BURNING FIGHT

GENERE: Beat'em Up | PRODUTTORE: SNK | SVILUPPATORE: interno | GIOCATORI: 1-2 | ANNO: 1991
Quando, nel 1991, raggiunse i cinema di mezzo mondo, Resa dei conti a Little Tokyo passò quasi inosservato. Era l'ultima porzione avanzata di un piatto, quello dei film d'azione a base di arti marziali, oramai nauseante persino per il più goloso degli appassionati. Che, del resto, ne avevano fatto una paurosa indigestione durante tutto il decennio precedente.

Eppure metteva in fila un grande regista di genere (Mark L. Lester), due protagonisti decisamente bene assortiti (Dolph Lundgren nei panni del roccioso ed integerrimo poliziotto Chris Kenner ed il figlio d'arte Brandon Lee in quelli del collega scapestrato-ma-con-un-cuore-così Johnny Murata), un'ambientazione fascinosa quanto basta (la Los Angeles dei primi anni Novanta, descritta portando lo spettatore per mano tra bassifondi, locali notturni e quartieri orientali) e dei cattivi che più cattivi non si può (gli appartenenti alla Yakuza, la temibile mafia giapponese). Evidentemente tutto ciò non era abbastanza ed il film, con le sue scazzottate e sparatorie, i suoi dialoghi che tentavano maldestramente di essere brillanti senza riuscirci ed i continui, imprecisi e goffi riferimenti alla cultura nipponica, cadde subito nel dimenticatoio.

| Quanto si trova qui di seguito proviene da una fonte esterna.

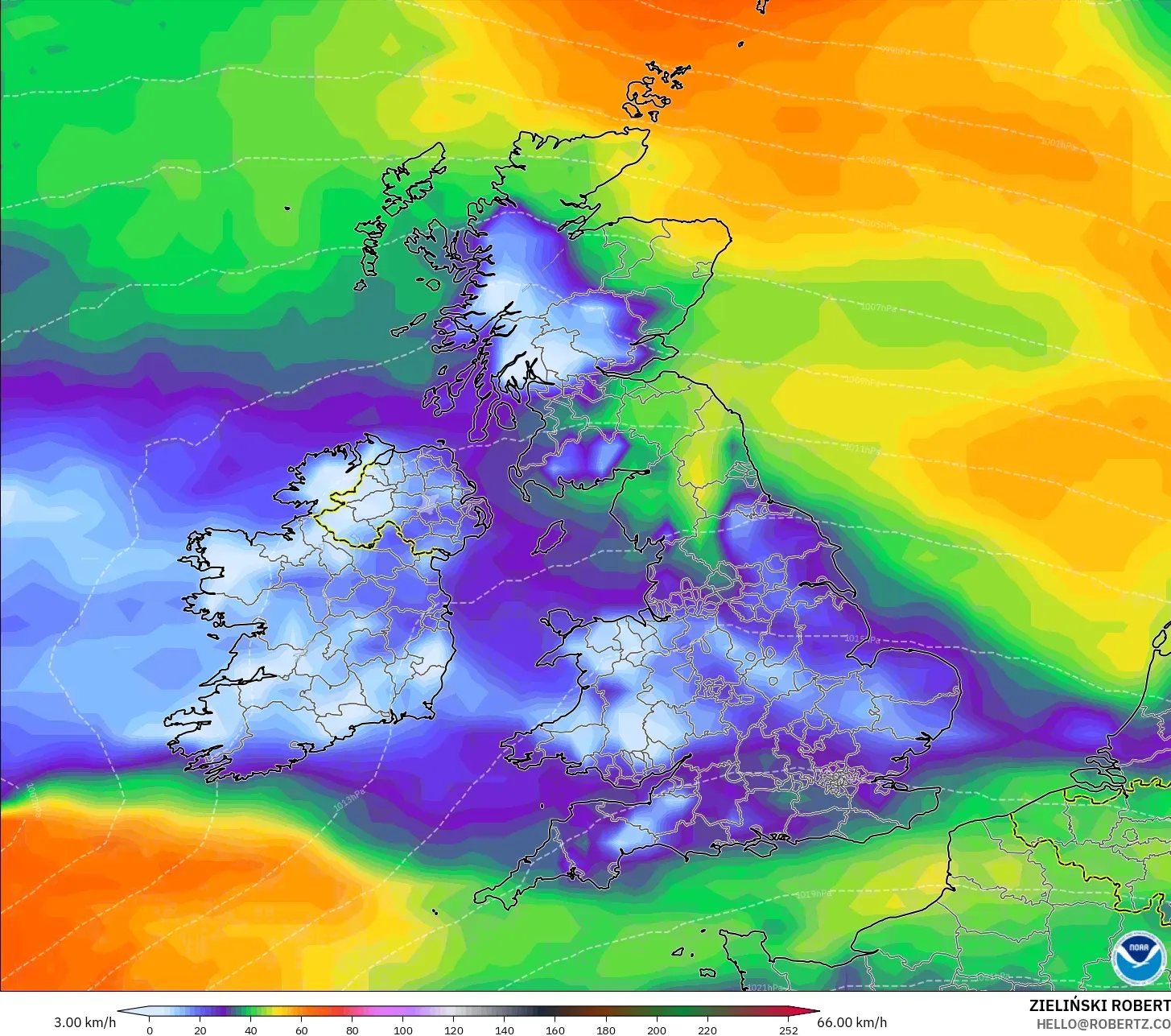 GFS モデル - イギリス, 突風（最大）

O meglio: cadde nel dimenticatoio per chi non è mai entrato in una sala giochi in vita sua. Perché, agli occhi dei videoludomaniaci più invasati, di certo non sfuggì che Resa dei conti a Little Tokyo era, sin dal titolo, la perfetta rappresentazione cinematografica del picchiaduro a scorrimento definitivo. Tutti gli elementi che lo caratterizzano citati in apertura rientrano infatti nel canone ideato da Nekketsu Oyaku e Spartan-X, perfezionato da Double Dragon ed elevato ad altezze siderali da Final Fight. Ci sono i luoghi, le facce, le dinamiche, i colori ed i suoni di uno dei filoni più amati ed odiati dell'intrattenimento elettronico classico. È tutto così perfetto e così perfettamente scelto ed amalgamato da far chiedere a chi, già avveduto, se ne sottopone alla visione, quale sia l'ipotetico (ed inesistente) videogioco da cui l'opera di Lester è tratta.

Ed è qui che entra in scena Burning Fight, titolo per il potente Neo-Geo che la SNK fece uscire sul mercato lo stesso anno della pellicola sopra citata e che, in tutto e per tutto, potrebbe esserne la controparte uno-zerica. Cambia il numero dei protagonisti (tre invece di due), ma ci sono i bassifondi, i quartieri orientali, la Yakuza, le scazzottate (tante) e le sparatorie (poche). Dal punto di vista esclusivamente ludico, nel complesso, Burning Fight lascia molto a desiderare. Alla formula di Final Fight aggiunge davvero poco (due tasti di attacco diversi che però, incredibilmente, danno meno possibilità operative rispetto al capolavoro Capcom e una serie di trappole ambientali disseminate per i livelli) ed il resto di quel che propone non fa certo gridare al miracolo, tra collisioni approssimative, ripetitività insostenibile ed una curva di difficoltà tarata piuttosto male.

Nonostante ciò (o forse proprio per questo) Burning Fight affascina e si lascia giocare. Saranno i colori caldi e vibranti, saranno personaggi e nemici stereotipati al limite del plagio eppure tutt'oggi efficacissimi nel portare su schermo suggestioni metropolitane che si credevano sepolte sotto il peso del tempo, o le sue ambientazioni che, pur gridando ai quattro venti l'epoca di provenienza, sanno creare un'atmosfera irresistibile proprio grazie alla loro ingenuità, ma chi inizia a mettervi gettoni dentro finisce accalappiato da una forza misteriosa che non lo abbandona fino alla scarna sequenza finale.

E visto che è esattamente questo il compito di ogni buon videogioco, il rispolvero dell'arcaico picchiaduro a scorrimento SNK qui in esame merita perciò più di un semplice pensierino. Nel rigiocarlo nessuno gridi al miracolo, quindi. Ma nessuno gridi neanche allo scandalo se ci permettiamo di definirlo, a suo modo, un piccolo classico.